The assessment requires every diver to complete a theory review followed by an exam and a range of practical assessments while using an IMCA compliant surface supplied air diving system and support equipment. The practical tasks included the use of airlifts, inspection and photography, a range of underwater tools, emergency diver recovery drills, diver rescue drills, 40-metre deep dives and DDC drills as required by the assessment criteria.
SSC had mobilised one wet bell system onto the DSV in support of the built-in wet bell system on board. This allowed for two groups to be assessed at a time.
Michael Whelan, KBA lead assessor, said: “Having such a large group of divers on board the vessel was an interesting concept for managing and arranging daily assessment tasks. However, after a short period of time we established a good routine and the Chinese divers worked hard and proved to be very competent divers.”
The National Hyperbaric Centre (NHC), based in Aberdeen, UK, reports it was recently approached by the major diving contractors in Indonesia to conduct a Trainee IMCA Air Diving Supervisor course in Jakarta, Indonesia. This programme is run in accordance with IMCA D005 and IMCA D013.
“NHC courses are regularly conducted at NHC training centres in Aberdeen and Singapore but on this occasion it was more convenient to deliver a quality and intensive learning experience at a location in Indonesia,” said a spokesman for the Centre. “The course welcomed local air divers employed by the major diving contractors who hoped the course would provide staff with the skills and knowledge to pursue more senior roles within the companies.”
The training was delivered by dive supervisor Glenn Johnston, whose experience ensured the students received accurate and relevant knowledge and advice, the spokesman added. “An interpreter was used to translate the course into Bahasa for local students to make certain detailed topics could be fully understood,” he said.

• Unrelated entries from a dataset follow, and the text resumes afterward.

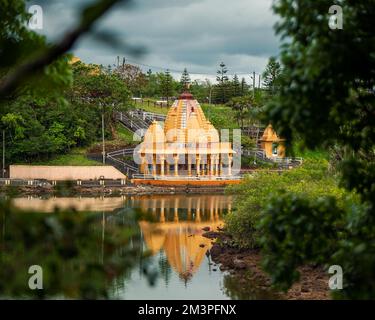 Grand bassin is a relegious place for meditation, pray and relax. Famous touristical destination in Mauritius island.  More hidu gods statue in this p Stock Photo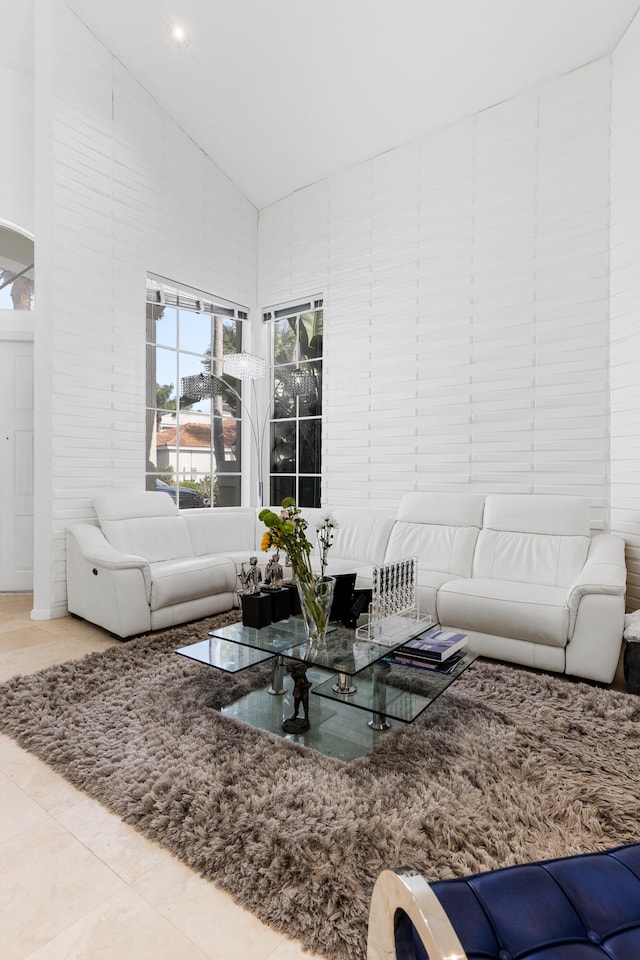 living room featuring high vaulted ceiling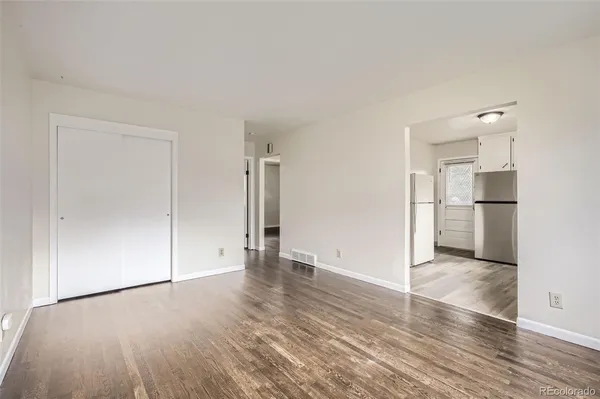 a view of empty room with wooden floor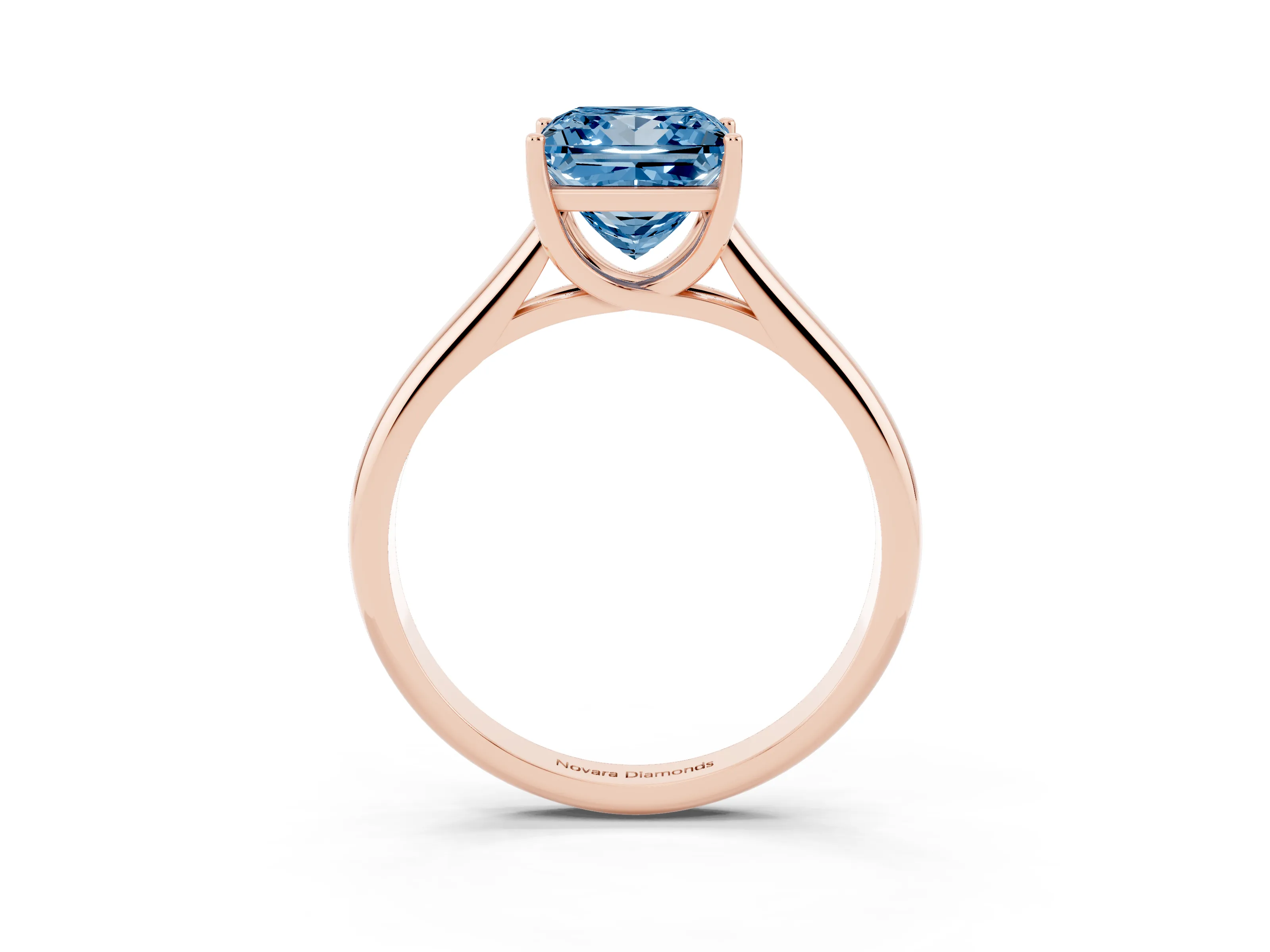 Fancy Blue Princess Cut Diamond Solitaire Engagement Ring Set in Rose gold with Subtly Tapered Band and Prong Setting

The Centre has also announced the appointment of Jim Creighton as operations manager at its facility in Aberdeen.
Creighton has more than 25 years of experience within the diving industry, most recently as UK Business Unit diving manager at Technip.
“Jim will be overseeing operations across all departments, further enhancing and ensuring the successful delivery of NHC products and services,” the spokesman said.

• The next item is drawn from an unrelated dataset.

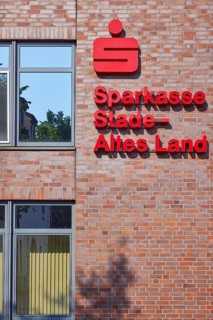Logo and lettering of Sparkasse Stade-Altes Land on the facade of the branch in Stade, Hanseatic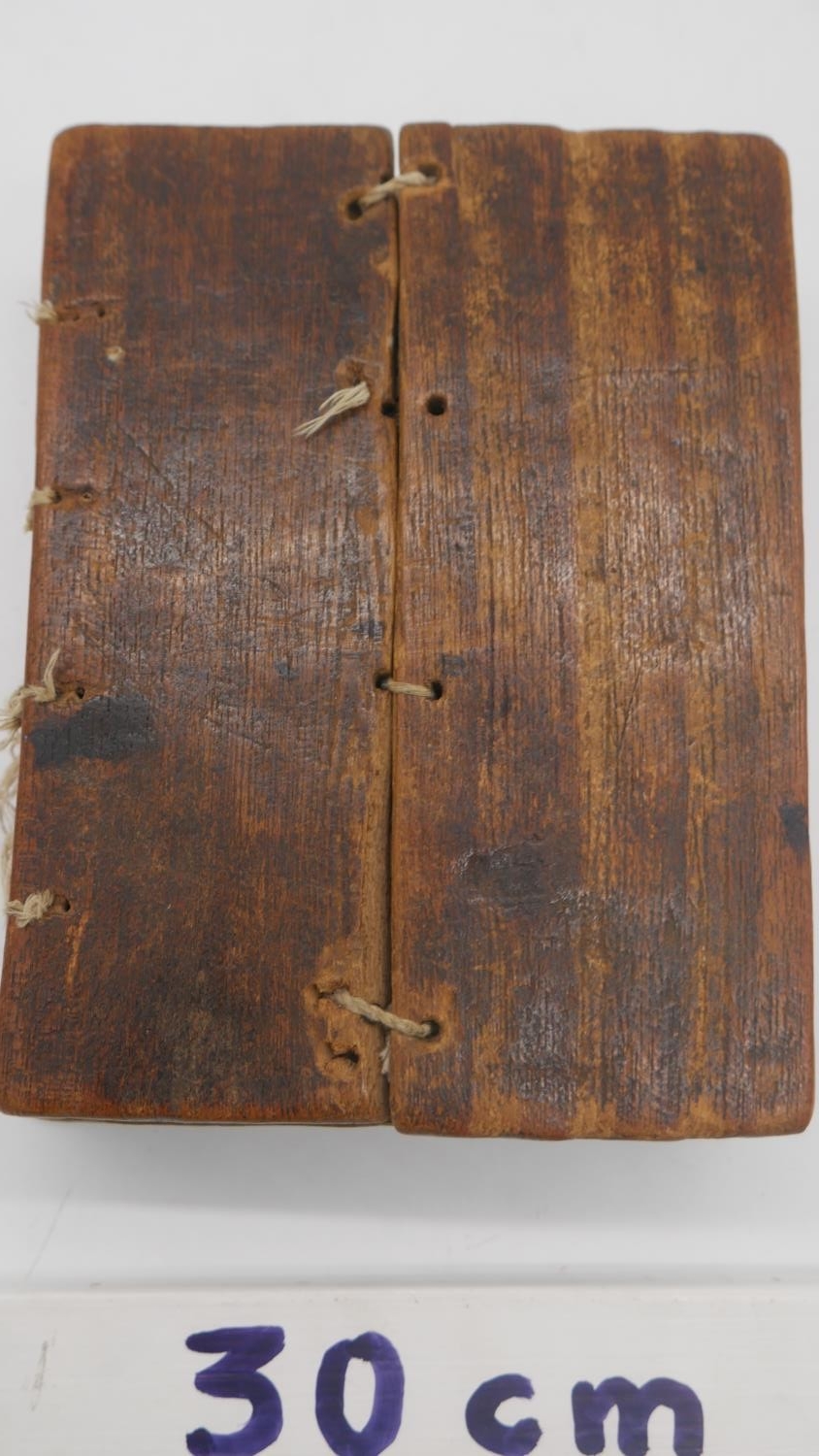 A 19th century Ethiopian coptic manuscript on vellum in wooden boards. Handwritten script in red and - Image 8 of 8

The International Marine Contractors Association (IMCA) has published revisions of two important diving publications – Diving Equipment Systems Inspection Guidance Note (DESIGN) for Mobile/Portable Surface Supplied Systems (IMCA D 040 Rev 1) and Mobile/Portable/Daughtercraft Surface Supplied Systems (IMCA D 015 Rev 1).
Both documents can be downloaded free of charge from the IMCA website, with printed copies available for purchase from the association.